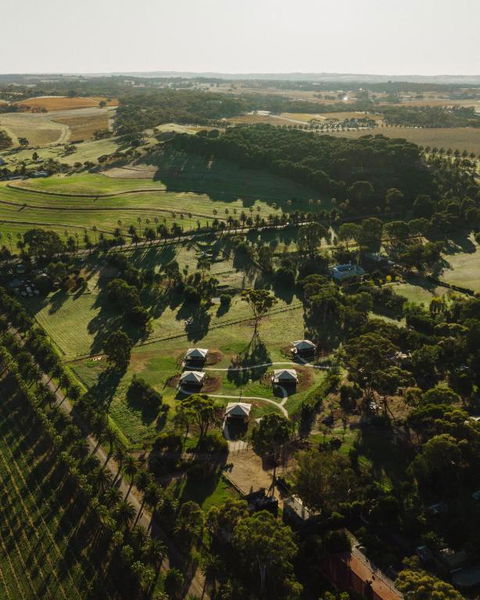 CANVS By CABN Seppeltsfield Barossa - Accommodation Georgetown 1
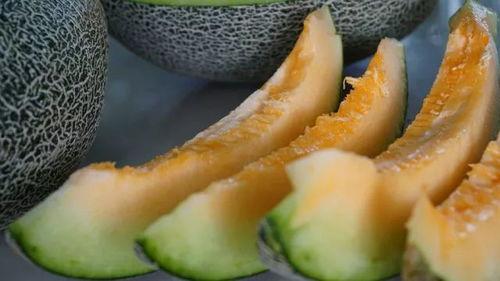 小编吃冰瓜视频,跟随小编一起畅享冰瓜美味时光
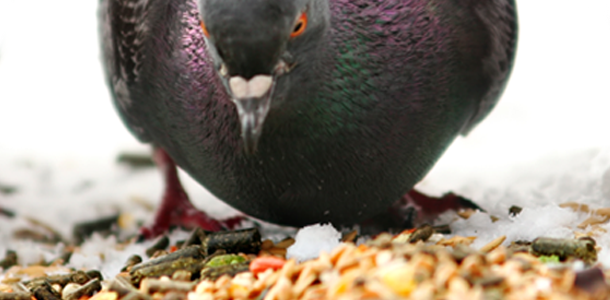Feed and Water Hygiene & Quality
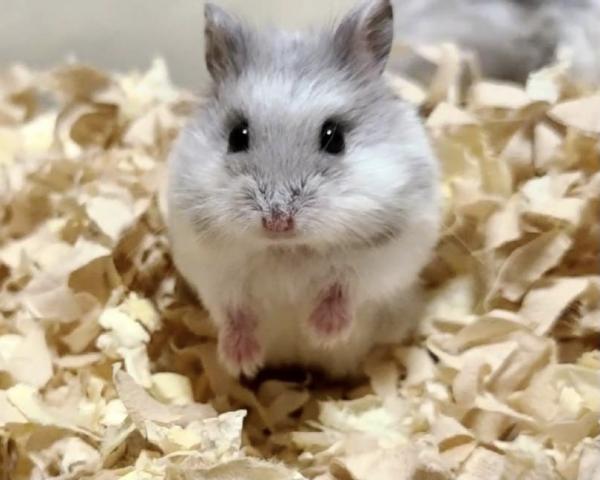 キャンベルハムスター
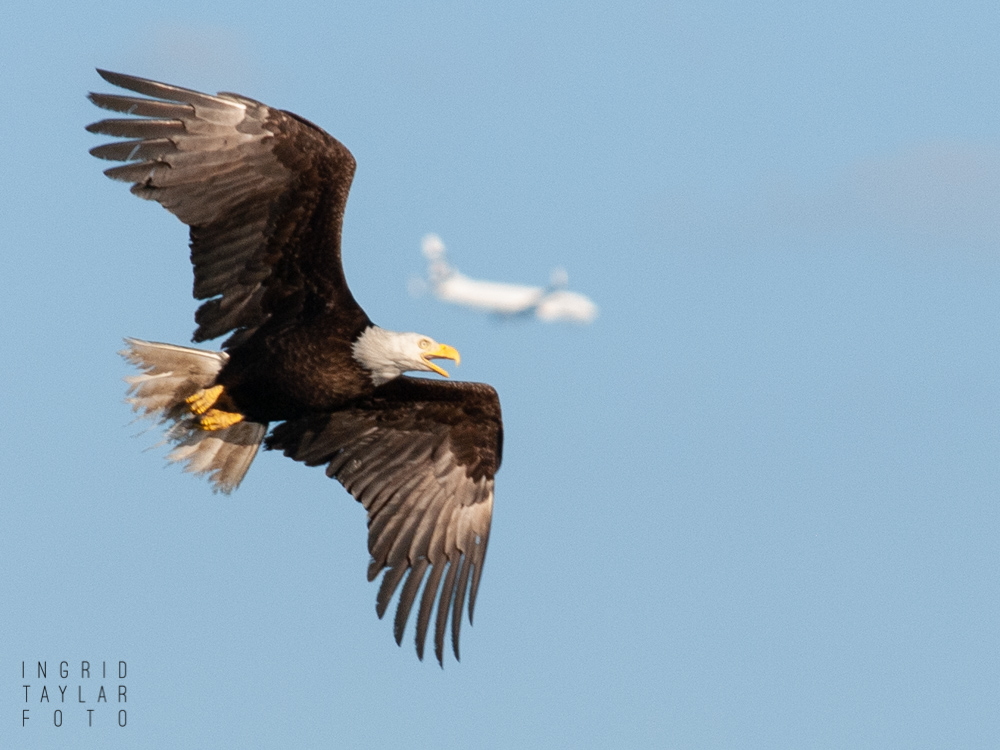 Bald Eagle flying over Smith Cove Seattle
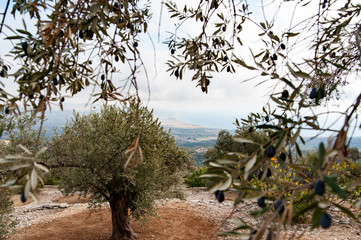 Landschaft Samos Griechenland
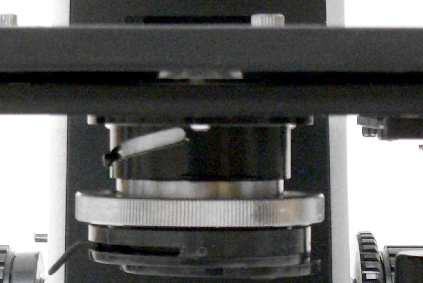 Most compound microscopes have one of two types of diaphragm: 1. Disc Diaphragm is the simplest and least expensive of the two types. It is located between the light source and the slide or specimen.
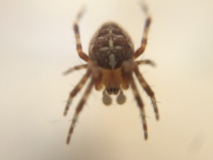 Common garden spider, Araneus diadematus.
__________
WHAT THE TASK REQUIRES: When you copy the records above, keep every word exact and drop the pictures.

SOLUTION TO THE EXERCISE:
 CANVS By CABN Seppeltsfield Barossa - Accommodation Georgetown 1
 小编吃冰瓜视频,跟随小编一起畅享冰瓜美味时光
Feed and Water Hygiene & Quality
 キャンベルハムスター
 Bald Eagle flying over Smith Cove Seattle
 Landschaft Samos Griechenland
 Most compound microscopes have one of two types of diaphragm: 1. Disc Diaphragm is the simplest and least expensive of the two types. It is located between the light source and the slide or specimen.
 Common garden spider, Araneus diadematus.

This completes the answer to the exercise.